Controversial film does not say Israel killed POWs
JERUSALEM, Mar 9 (Reuters) An Israeli film that sparked a diplomatic row with Egypt suggests an Israeli army pursuit of retreating Egyptians in the 1967 war was unnecessary but does not say Israeli troops may have killed prisoners.
Reuters obtained a copy of the documentary yesterday after Egypt called on Israel to investigate whether troops led by Israel's current infrastructure minister may have killed 250 Egyptian prisoners of war taken in fighting in the Sinai desert.
Israeli media reports had said the film made that allegation. The film's director, Ran Edelist, said in a telephone interview with Reuters this week the documentary contained no such charges.
''There was a bit of revenge in the business. We had a lot of anger and fury towards the end of the war,'' Yariv Gershoni, a veteran of the Shaked commando unit that took part in the pursuit, said in the film.
''They (the Egyptian troops) were in a poor state, scared -- some of them hid in holes in the sand ... so we wouldn't find them. But we would find them.
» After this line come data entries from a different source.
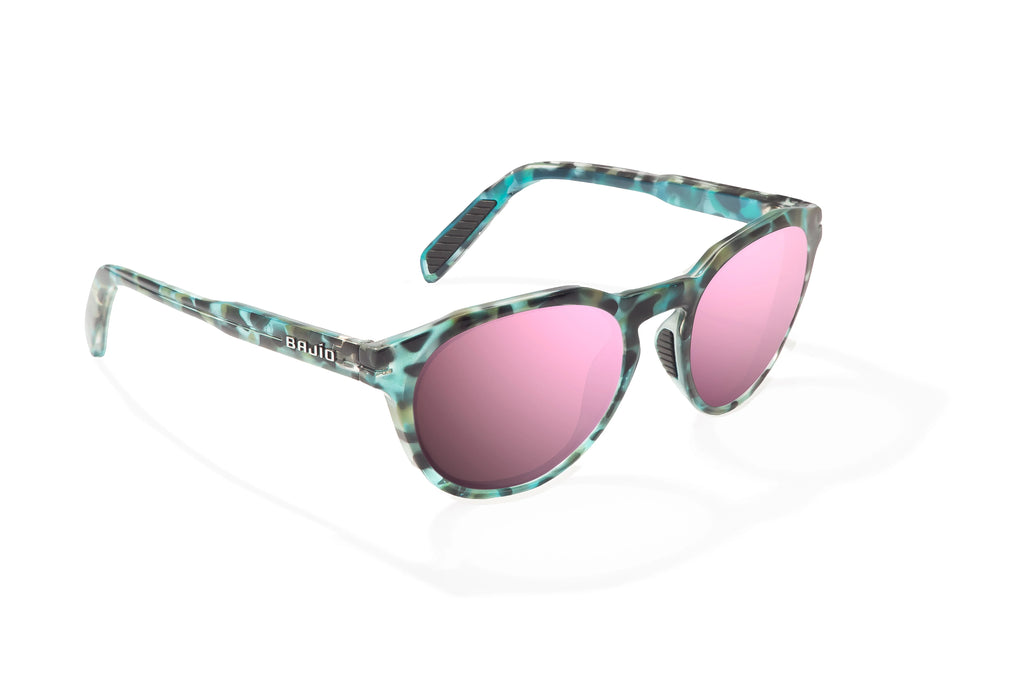 Angled view of Blue Rock Gloss Paraiso Bajio beach sunglasses, bio-based nylon frames with rose mirror polarized lenses, medium wrap, small fit premium, built in sun ledge and sturdy barrel hinges, ideal for fishing and outdoor use.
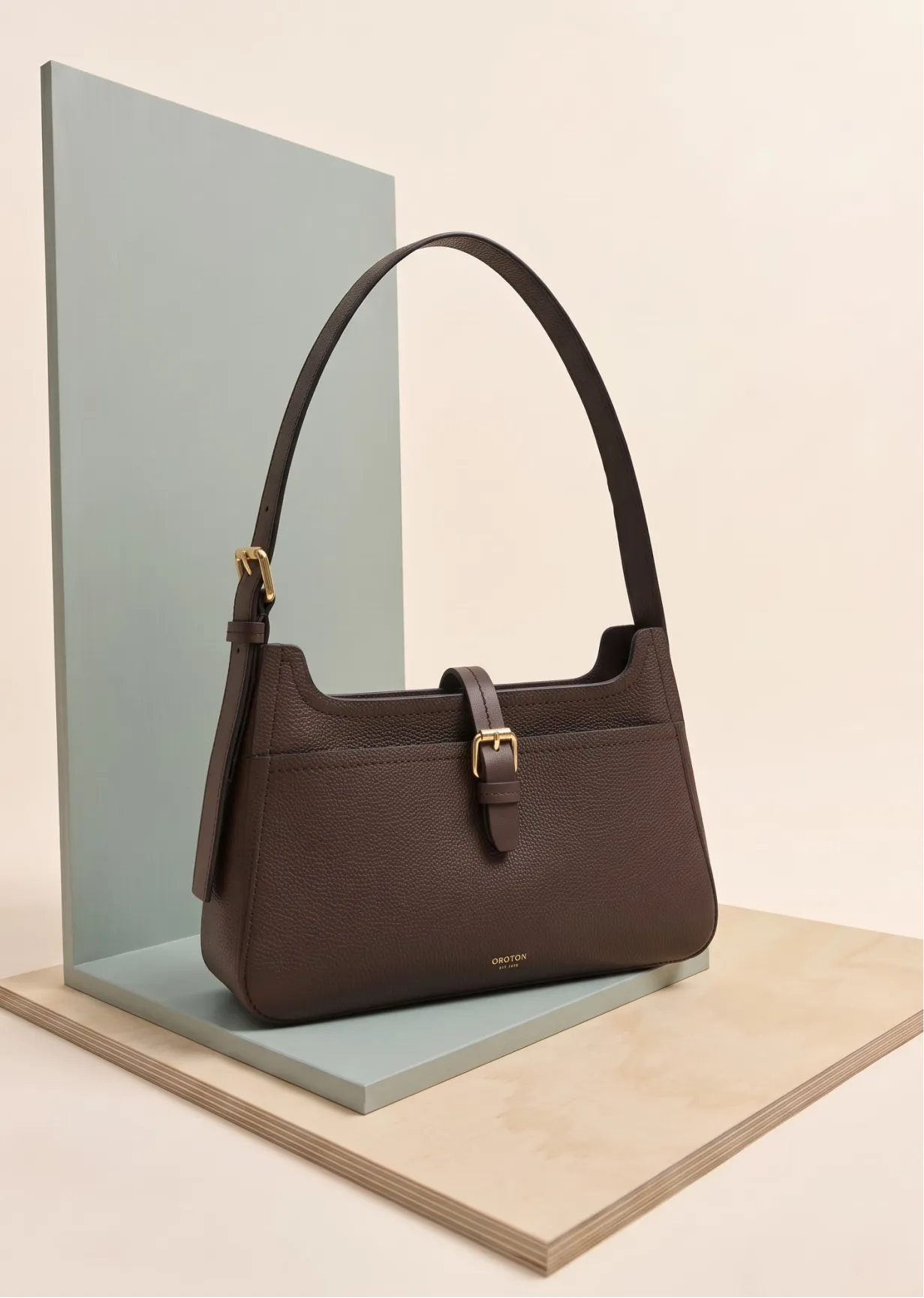 A brown handbag displayed on a minimalistic stand.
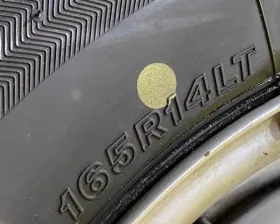 Колесо на диске Nissan 4x114.3 c шиной Bridgestone 165/80R14
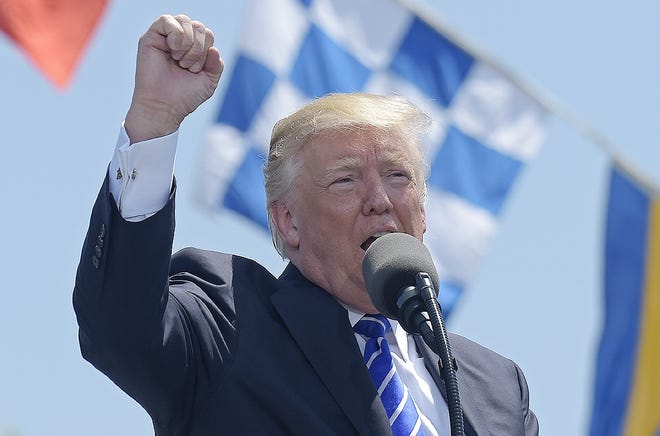 President Donald Trump gestures as he gives the commencement address at the U.S. Coast Guard Academy in New London, Conn., Wednesday. [SUSAN WALSH/AP]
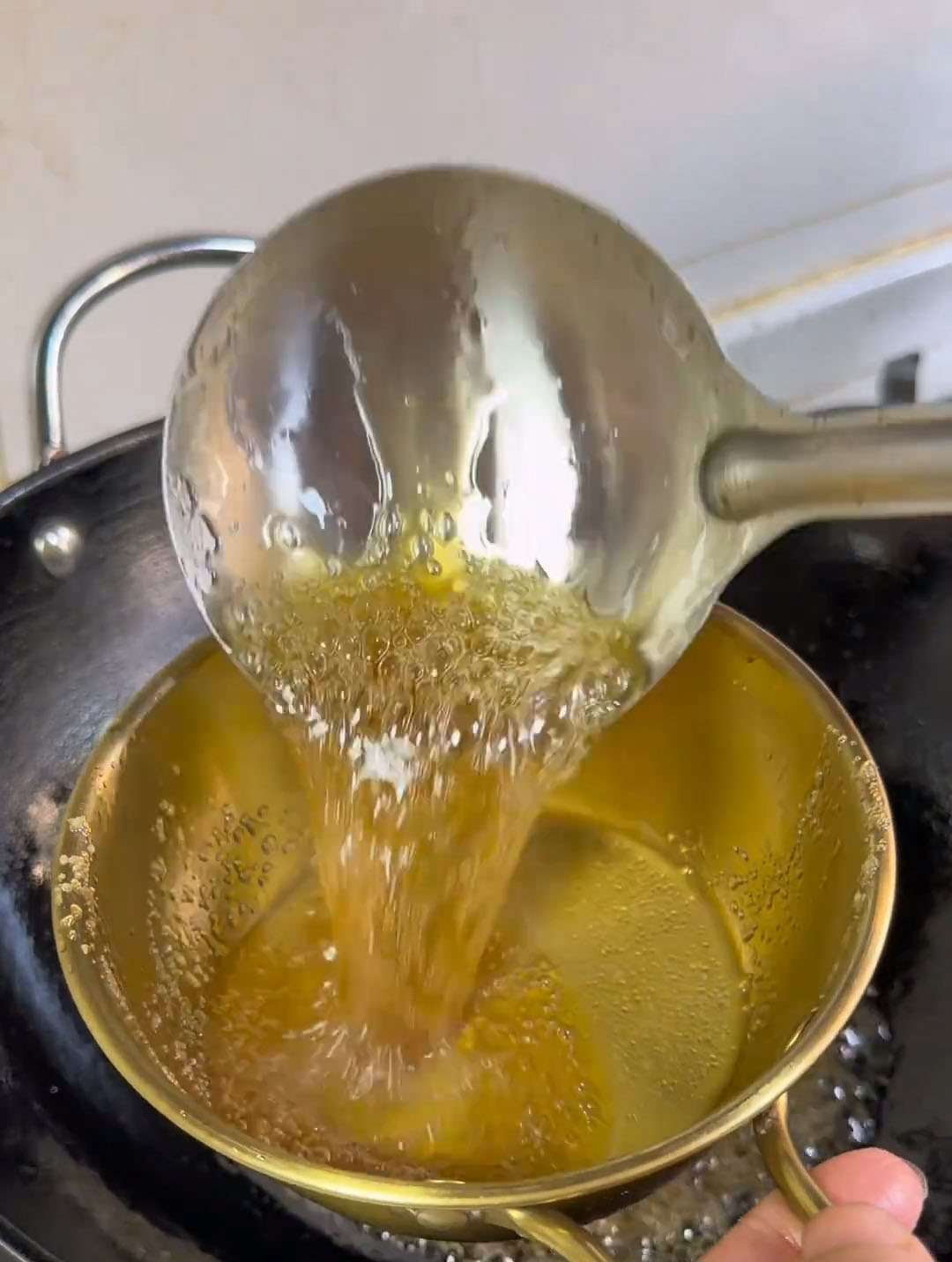 spoon a portion of the sauce into a small bowl and set it aside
Only some of them put up a fight,'' Gershoni said, without mentioning prisoners or their fate.
Another former Shaked member, shown from behind as he drove a car, said Israeli forces had faced no danger from the retreating Egyptian army and in retrospect should have disobeyed orders to engage them.
''Explicitly, this needs to be talked about and said how much it was unnecessary,'' the silver-haired man, whose name was not given, said about the pursuit.
''The issue is that we carried it out. That's what's serious.
That in this operation we didn't use proper judgment, at the end of the Six-Day War,'' he said.
Gershoni said that Binyamin Ben-Eliezer, commanding the Shaked unit, ''would write on his pants in pen how many we killed'' during the final battles.
In the film Ben-Eliezer, who was later defence minister and now holds the infrastructure portfolio, said the army's thinking at the time was ''there was no problem to say 'the battalion is retreating ... (but) they are armed and we need to chase them'''.
Ben-Eliezer put off a trip to Egypt this week amid public outrage there stemming from the allegations. He said those killed were Palestinian guerrillas fighting in the Egyptian army and that they died in battle.
Israel captured the Sinai in the 1967 war and handed it back to Egypt under a 1979 peace treaty, its first with an Arab state.